SUPPLIED MATERIAL.
=== Begin Enclosure ===

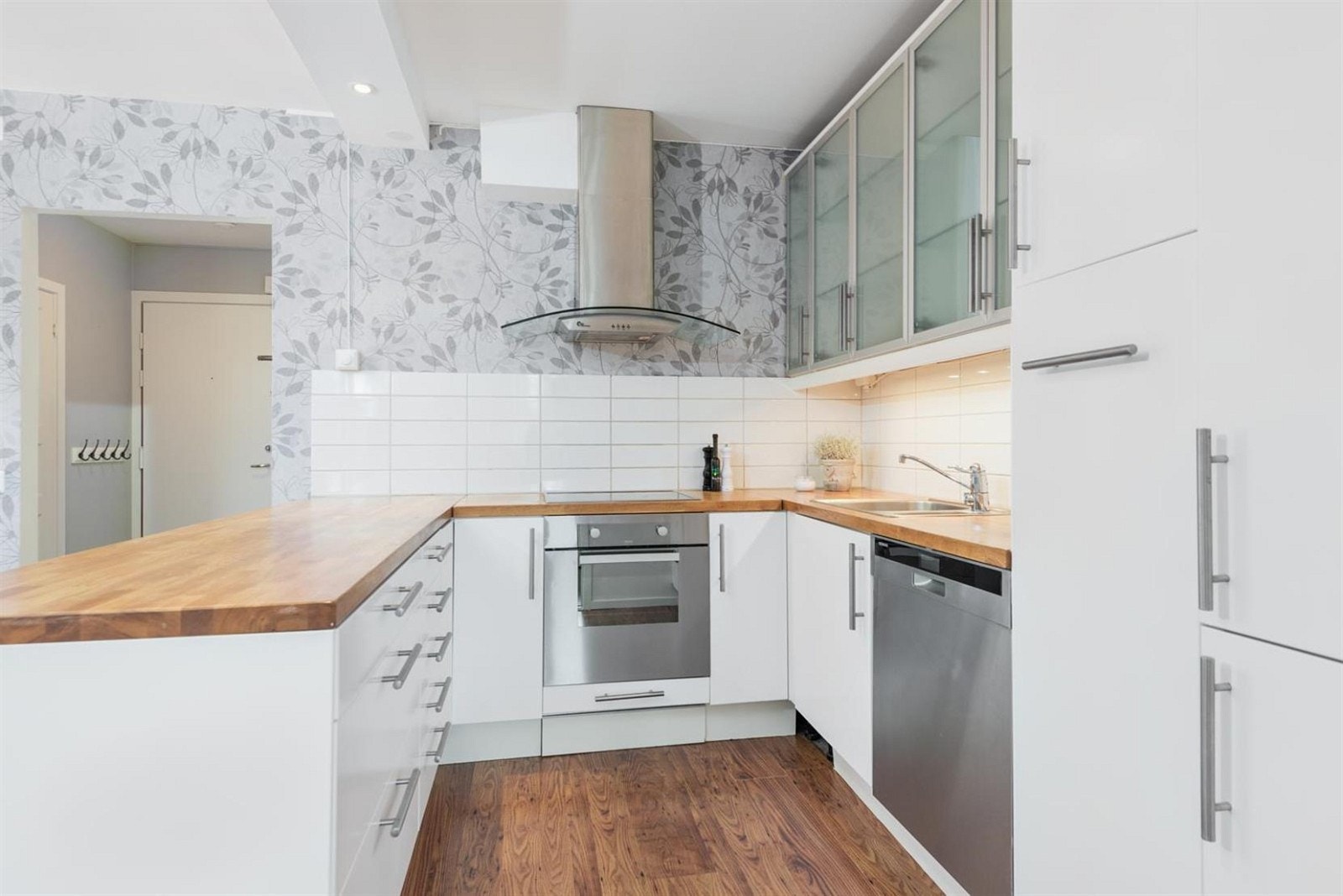 Den åpne kjøkkenløsningen er fint tilbaketrukket fra stuen. Galleribilde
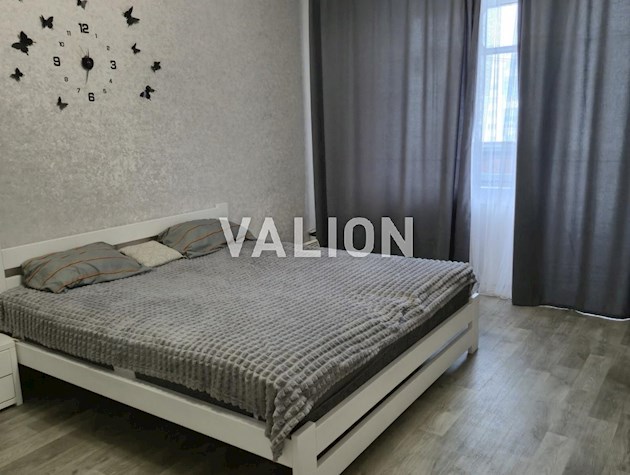 Продається 2-х кімнатна квартира, Деснянському районі, проспект Червоної Калини 22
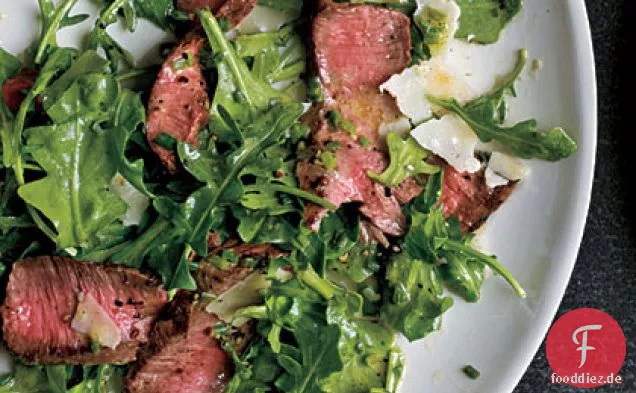Gegrilltes Steak mit Baby-Rucola und Parmesan Salat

=== End Enclosure ===

WORK ORDER. Word for word, reproduce all the data, but not the pictures.

ANSWER AREA.
 Den åpne kjøkkenløsningen er fint tilbaketrukket fra stuen. Galleribilde
 Продається 2-х кімнатна квартира, Деснянському районі, проспект Червоної Калини 22
Gegrilltes Steak mit Baby-Rucola und Parmesan Salat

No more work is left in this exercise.